Analyzing NBA Lineups With Player Classifications, Part II

In Part I, I fit a ridge regression model with the different player clusters on the floor at a given time with that lineup’s net rating as the label. The model gave us the following coefficient estimates which illustrates the magnitude and direction of each player cluster’s impact on the net rating of a lineup.

These coefficients demonstrate the great value of a ball-dominant scorer and the lack of value in a traditional center. However, we can’t simply use these coefficients to find an optimal lineup. If we did, we’d simply draw the conclusion that the best possible lineup would be one with five ball-dominant scorers, which probably isn’t accurate.

Instead, I’ll use an implementation of gradient boosted decision trees known as XGBoost to predict the net rating for every possible combination of player classifications within a five-man lineup.

First of all, we need to determine the optimal hyperparameters for the function XGBRegressor. Each hyperparameter has a default setting that is pretty reasonable, but because they can have a significant impact on the results of the regression, the selection of these hyperparameters is very important and should be done manually according to our specific task instead of just going with the default values. I went through a basic cross-validation process for each hyperparameter to determine an optimal value. For example, the following code creates a graph that illustrates the change in model score as the max_depth of the model changes.

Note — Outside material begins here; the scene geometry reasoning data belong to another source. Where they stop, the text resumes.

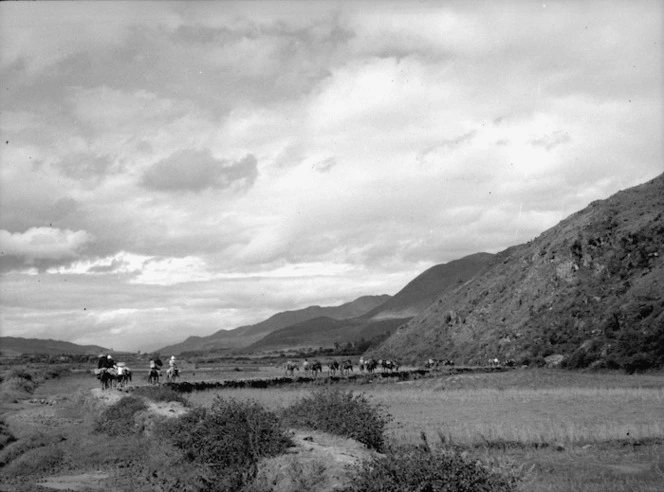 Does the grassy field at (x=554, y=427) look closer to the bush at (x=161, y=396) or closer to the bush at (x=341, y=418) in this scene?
the bush at (x=341, y=418)

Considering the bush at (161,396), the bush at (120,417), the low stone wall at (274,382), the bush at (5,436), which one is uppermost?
the bush at (161,396)

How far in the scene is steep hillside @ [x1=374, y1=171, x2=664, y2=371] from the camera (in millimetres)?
67375

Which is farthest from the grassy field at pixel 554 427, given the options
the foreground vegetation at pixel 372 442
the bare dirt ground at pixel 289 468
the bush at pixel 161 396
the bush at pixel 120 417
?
the bush at pixel 120 417

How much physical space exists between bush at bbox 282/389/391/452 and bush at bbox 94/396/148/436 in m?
9.23

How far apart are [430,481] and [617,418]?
2038cm

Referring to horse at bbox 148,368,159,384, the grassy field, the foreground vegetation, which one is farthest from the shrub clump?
horse at bbox 148,368,159,384

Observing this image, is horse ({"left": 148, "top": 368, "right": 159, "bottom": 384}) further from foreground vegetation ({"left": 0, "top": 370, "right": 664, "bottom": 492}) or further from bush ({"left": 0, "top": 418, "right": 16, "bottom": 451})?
bush ({"left": 0, "top": 418, "right": 16, "bottom": 451})

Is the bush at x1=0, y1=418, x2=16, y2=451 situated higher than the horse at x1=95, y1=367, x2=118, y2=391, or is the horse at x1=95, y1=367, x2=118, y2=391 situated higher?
the horse at x1=95, y1=367, x2=118, y2=391

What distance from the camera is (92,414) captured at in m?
35.1

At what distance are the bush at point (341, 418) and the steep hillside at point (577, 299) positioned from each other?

from xgboost.sklearn import XGBRegressor

msk = np.random.rand(len(tf)) < 0.8
train = tf[msk].reset_index(drop=True)
test = tf[~msk].reset_index(drop=True)

row_list = []

for n in range(2,11):
	model = XGBRegressor(max_depth=n,objective='reg:squarederror')
	model.fit(train[features].values,train.nrtg.values)
	score = model.score(test[features].values,test.nrtg.values)
	dict1 = {'parameter':n,'score':score}
	row_list.append(dict1)
pdf = pd.DataFrame(row_list)

plt.plot(pdf.parameter,pdf.score)
plt.scatter(pdf.parameter,pdf.score)
plt.xlabel('max_depth')
plt.ylabel('score')
plt.title('hyperparameter tuning (max_depth)')
plt.tight_layout()
plt.show()

The model score is maximized when max_depth=3. I can repeat this process multiple times to make sure that the result stays consistent before moving on to the next hyperparameter. It’s tedious work, so I won’t include all of the code for it.

Also, I refer to a data frame called tf in the previous code. In case you forgot from Part I, this image shows a snippet of tf.

The first eight columns are stored in a variable called features, and they represent the number of players in a lineup belonging to a certain player classification. For example, two players in the second five-man unit belong to the eighth cluster. The nrtg column indicates each lineup’s Bayesian net rating, an approach I borrowed from this article.

Anyway, after determining some optimal values for the hyperparameters, the model could now be fit with our data from tf.

model = XGBRegressor(learning_rate=0.1,
                     n_estimators=100,
                     max_depth=3,
                     gamma=0,
                     objective='reg:squarederror')

model.fit(tf[features].values,tf.nrtg.values)

With our model now trained on all our data, we can look at the feature importance for each player cluster/classification:

fimp = []
for n in features:
    fimp.append(model.get_booster().get_score(importance_type='gain')[n]) 
data = pd.DataFrame(data=fimp, index=clusters, columns=["score"]).sort_values(by = "score")
data.plot(kind='barh',edgecolor='black',legend=None)
plt.title('feature importance')
plt.xlim(0,400)
plt.tight_layout()
plt.show()

I set the importance_type to “gain” to determine the relative contribution/importance of each feature in generating the prediction. The clear most important feature is the ball-dominant scorer cluster. In other words, it appears that the player classification type with the largest impact on determining a lineup’s net rating is the ball-dominant scorer. It stands to reason that one of the more important factors in predicting net rating is whether or not a team has a ball-dominant scorer on the floor at any given time (and the amount of ball-dominant scorers). Most of the other features display similar importance except for sharpshooters and high-usage big men, who are significantly less important in predicting net rating than the other six clusters.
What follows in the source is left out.